He said boats were cast ashore, water, sewers and electricity were knocked out, and “I don’t think I saw one trailer park where almost everything wasn’t overturned.” Authorities also struggled to clear the single highway connecting the string of islands to the mainland.

The Keys felt Irma’s full fury when the storm blew ashore as a Category 4 hurricane Sunday morning with 130 mph (209 kph) winds. How many people in the dangerously exposed, low-lying islands defied evacuation orders and stayed behind was unclear.

As Irma weakened into a tropical storm and finally left Florida on Monday after a run up the entire 400-mile length of the state, the full scale of its destruction was still unknown, in part because of cutoff communications and blocked roads. Monday night, the storm had weakened to a tropical depression near Columbus, Georgia.

Six deaths in Florida have been blamed on Irma, along with three in Georgia and one in South Carolina. At least 35 people were killed in the Caribbean.

Statewide, an estimated 13 million people, or two-thirds of Florida’s population, remained without power. That’s more than the population of New York and Los Angeles combined. Officials warned it could take weeks for electricity to be restored to everyone.

More than 180,000 people huddled in shelters in the Sunshine State.

“How are we going to survive from here?” asked Gwen Bush, who waded through thigh-deep floodwaters outside her central Florida home to reach National Guard rescuers and get a ride to a shelter. “What’s going to happen now? I just don’t know.”

The governor said it was way too early to put a dollar estimate on the damage.

During its march up Florida’s west coast, Irma swamped homes, uprooted trees, flooded streets, snapped miles of power lines and toppled construction cranes.

In a parting shot, it triggered severe flooding around Jacksonville in the state’s northeastern corner. It also spread misery into Georgia and South Carolina as it moved inland with winds at 50 mph, causing flooding and power outages.

Around the Tampa-St. Petersburg area, where Irma rolled through early Monday, damage appeared modest. And the governor said damage on the southwest coast, including in Naples and Fort Myers, was not as bad as feared. In the Keys, though, he said “there is devastation.”

“It’s horrible, what we saw,” Scott said. “I know for our entire state, especially the Keys, it’s going to be a long road.”

He said the Navy dispatched the USS Iwo Jima, USS New York and the aircraft carrier Abraham Lincoln to help with search and rescue and other relief efforts.

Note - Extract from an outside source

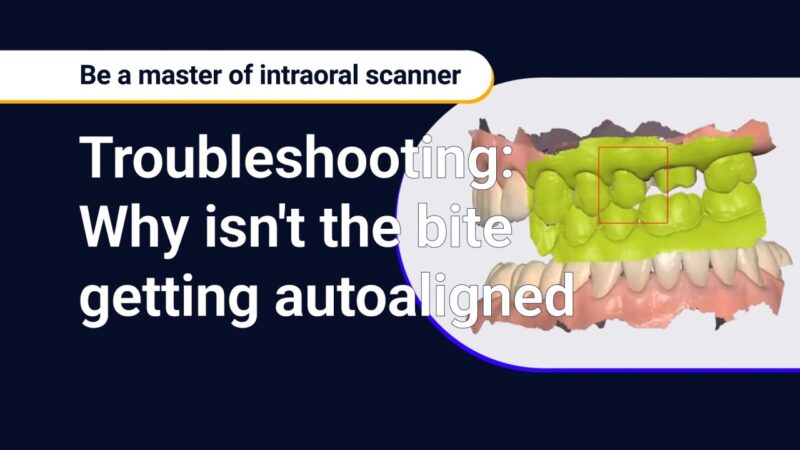 Solving Common Problems in Bite Scan Alignment: Incorrect Bite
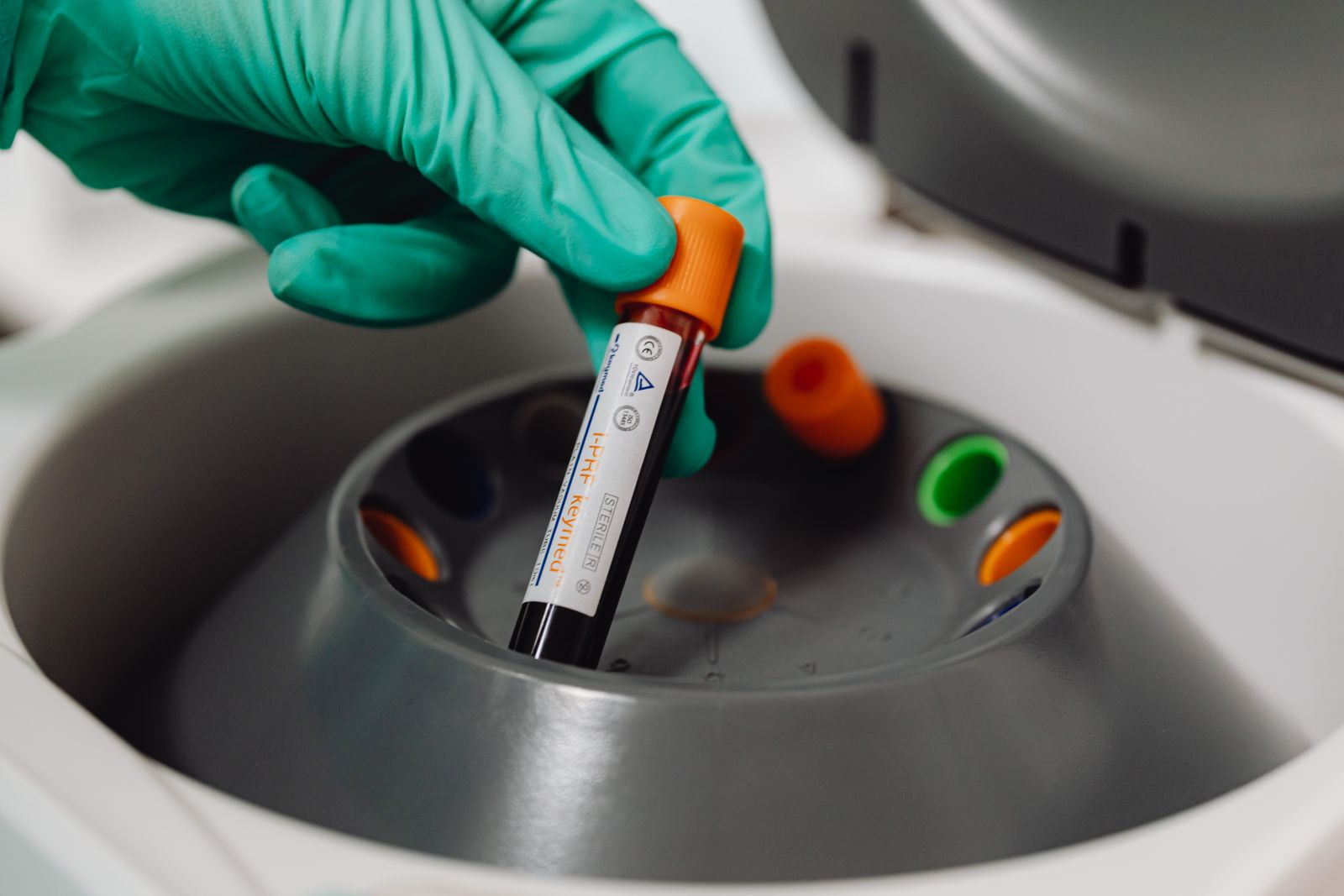 A gloved clinician placing a blood sample tube into a centrifuge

Emergency managers in the islands declared on Monday “the Keys are not open for business” and warned that there was no fuel, electricity, running water or cell service and that supplies were low and anxiety high.

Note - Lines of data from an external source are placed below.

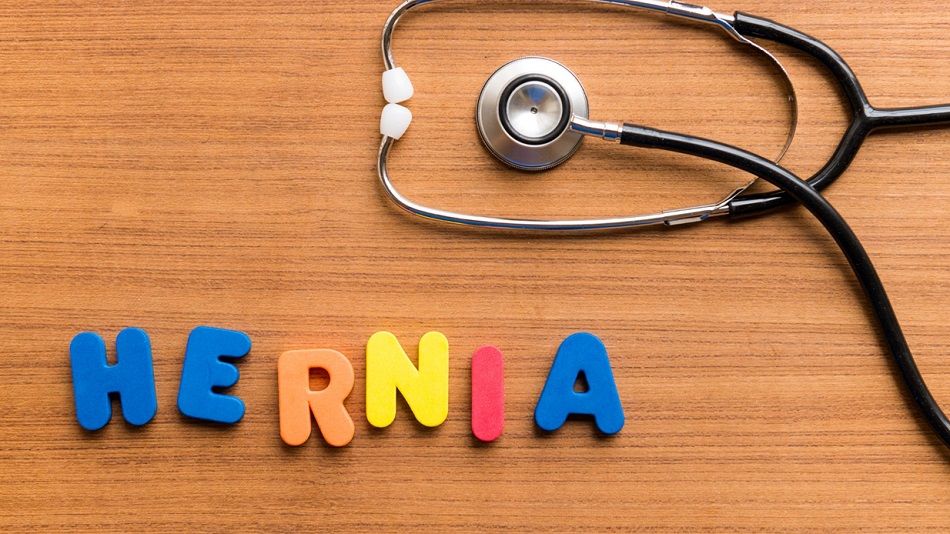 What Will Happen When You Leave Hernia Untreated? Health Trumpet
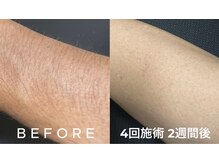 ザ サンラウンジ 長野店(THE SUN LOUNGE)/黒肌セルフ脱毛★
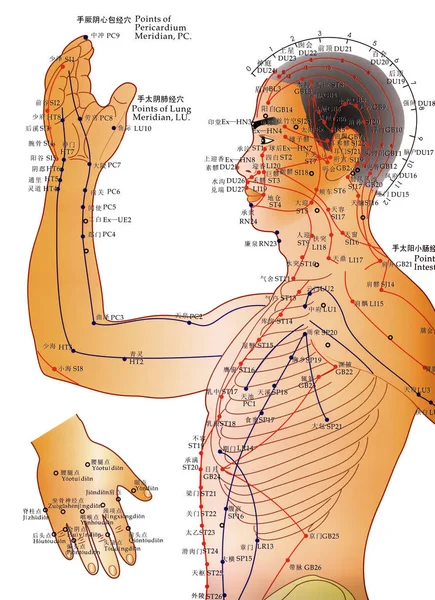 Médecine alternative - Tableau d'acupuncture — Photo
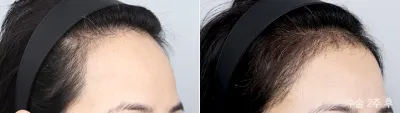 Before & After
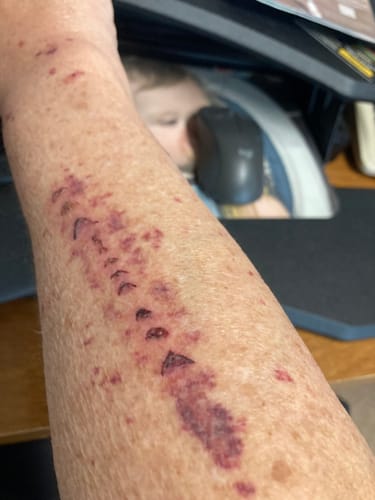 Customer photo review of Grass Fed Tallow & Honey Balm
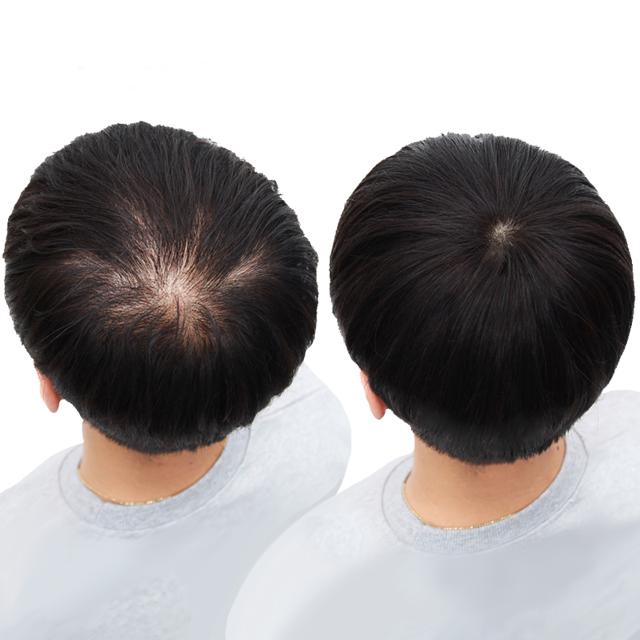 3岁宝宝头发稀少怎么办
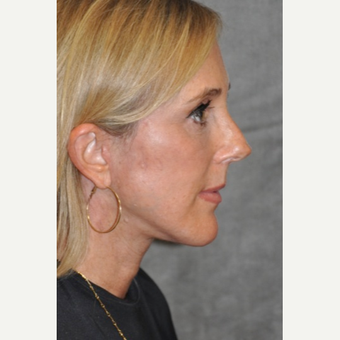 45-54 year old woman treated with Facelift after 3567151
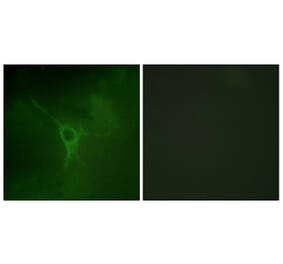 Immunofluorescence - Anti-GFAP (phospho Ser38) Antibody (A1205) - Antibodies.com
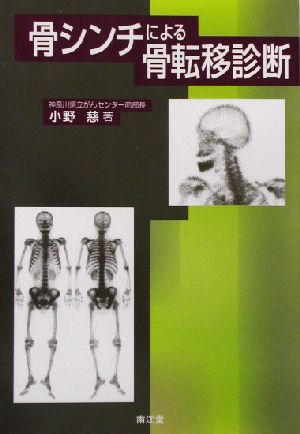 骨シンチによる骨転移診断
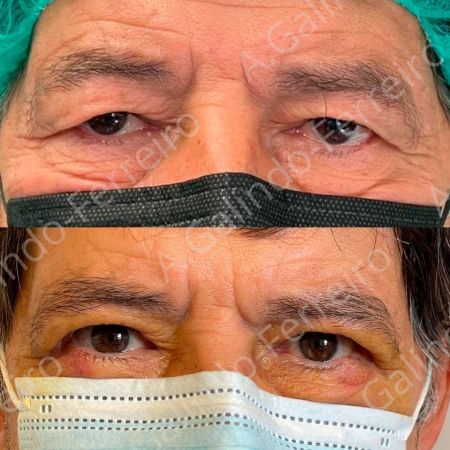 Cirugía ocular Valladolid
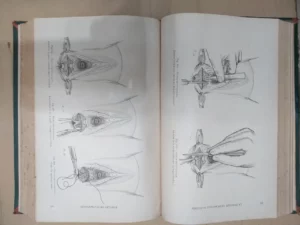 LA PRATIQUE CHIRURGICALE ILLUSTREÉ fascículos VI VII VIII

“HELP IS ON THE WAY,” they promised on Facebook.

The Keys are linked by 42 bridges that have to be checked for safety before motorists can be allowed in, officials said. The governor said the route also needs to be cleared of debris and sand, but should be usable fairly quickly.

In the Jacksonville area, close to the Georgia line, storm surge brought some of the worst flooding ever seen there, with at least 46 people pulled from swamped homes.

The Jacksonville Sheriff’s Office warned residents along the St. Johns River to “Get out NOW.”

“If you need to get out, put a white flag in front of your house. A t-shirt, anything white,” the office said on its Facebook page. “Search and rescue teams are ready to deploy.”

A tornado spun off by Irma was reported on the Georgia coast, and firefighters inland had to rescue several people after trees fell on their homes.

A tropical storm warning was issued for the first time ever in Atlanta, and school was canceled in communities around the state. More than 1.5million customers were without power Monday night in Georgia.

Over the next two days, Irma is expected to push to the northwest, into Alabama, Mississippi and Tennessee.

People in the heavily populated Tampa-St. Petersburg area had braced for the first direct hit from a major hurricane since 1921. But by the time Irma arrived in the middle of the night Monday, its winds were down to 100 mph (161 kph) or less.

“When that sun came out this morning and the damage was minimal, it became a good day,” said Tampa Mayor Bob Buckhorn.

___

Ferguson reported from Jacksonville. Associated Press writers Seth Borenstein in Washington; Terry Spencer in Palm Beach County; Gary Fineout and Joe Reedy in Tallahassee; Jay Reeves in Immokalee; Terrance Harris and Claire Galofaro in Orlando; and Jason Dearen, Freida Frisaro, Curt Anderson and David Fischer in Miami contributed to this report.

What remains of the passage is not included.